There is nothing I like better than going to the Saturday Morning Market in downtown St. Pete. Every Saturday morning from October through May, the city closes off Central Avenue between 1st and 2nd Streets and transforms Central into an old time market place from days long gone by.

Just like Alice's Restaurant, you can get anything you want at the Saturday Morning Market. There is food of every description. There is art, there is kitsch, there are chairs and clothing and massages. There is coffee.

There is music. For the last couple of years, there are two live music venues. When one takes a break, the other one starts right up. Yesterday we had a blues band in the main music area and a Caribbean steel drum band in the other.

But hands down, the best thing about the Saturday Morning Market is the people. There are of course the musicians who are working far from their normal working hours. The market opens at 9 AM. I defy you to get hold of any working musician you know before noon. There are the vendors, who must arrive at 0 Dark 30 to get set up. And then there are us other folks.

I have to admit that people watching is one of my all time favorite pastimes, and the Saturday Morning Market certainly does not disappoint in that regard. But what is really, really great about the Saturday Morning Market is how it takes the place of the Town Square.

I like to sit at one of the tables in front of the main music venue. There is terrific people watching from there. I particularly like the parents who get their kids to dancing to the music. They are sooo cute. Eventually someone will come along and ask if one of the seats at the table is available. Of course I always say yes. Unless of course when it isn't. But if it is, and I get really lucky, the person will join me at the table. That's where the real fun begins.

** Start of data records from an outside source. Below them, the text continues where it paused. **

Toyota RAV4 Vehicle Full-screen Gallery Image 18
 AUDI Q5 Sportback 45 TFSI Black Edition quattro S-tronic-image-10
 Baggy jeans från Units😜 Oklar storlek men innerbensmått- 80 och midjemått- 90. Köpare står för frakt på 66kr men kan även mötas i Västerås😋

Two weeks ago, I had been sitting down at the table for some time and was beginning to feel the urge to move around some. Just about that time, an elderly gentleman wearing a Korean War Vet ball cap asked if he could join me at the table. I replied that he was certainly welcome, but that I was just getting up to leave. As he was black and I am white, I felt uncomfortable at the idea of getting up just as the gentleman was sitting down. I tried to make it clear that I was not leaving on his account.

Much to my good fortune, when I went to sit down at the Market yesterday morning, my elderly gentleman with the Korean Vet ball cap was back, pretty much where I had left him the week before. I sat down, we struck up an inconsequential discussion, and the blues band began to play. That's when I saw my friend Linda pushing her bicycle. Now Linda had just completed a cross country (yes that's not a typo, a cross country bike ride). So me being the smart mouth that I often am, asked her what she was doing so close to a bike so soon after her excellent adventure.

Thus began a brief but very interesting conversation. Linda is also executive director of the local domestic violence shelter, and she reported back to the St. Pete Times periodically on her bike trip progress. I introduced her to my new friend with the Korean War Vet hat. He gave her his full name (he had only given me his first name). Linda said, oh yeah, I know who you are. It seems my new friend Charles is an active neighborhood activist. (Is that redundant?) Charles lives in a neighborhood that has been largely neglected by the City. As often happens in such neighborhoods, it has seen more than its share of crime. Charles has been very active in attempts to clean the neighborhood up. Who knew?

So, of course the topic of Charles and my conversation shifted immediately to his neighborhood. The neighborhood contains the once world famous City Tennis Center. In the good old days, it hosted one of those must attend tournaments on the woman's tour. I have seen Chris Everett as a 16 year old on those courts. Billy Jean King, Yvonne Goolalgong, Margaret Court Smith and a host of others. A dear, dear friend of mine, who passed away just a few years ago, taught many a tennis lesson on those courts. My friend Dan Sullivan was a very fine tennis player in his own right, in the days of Pancho Gonzalez and Bobby Riggs. Yes Bobby Riggs was a legit tennis player once. One of the main courts at the Tennis Center is now named for my friend Dan Sullivan.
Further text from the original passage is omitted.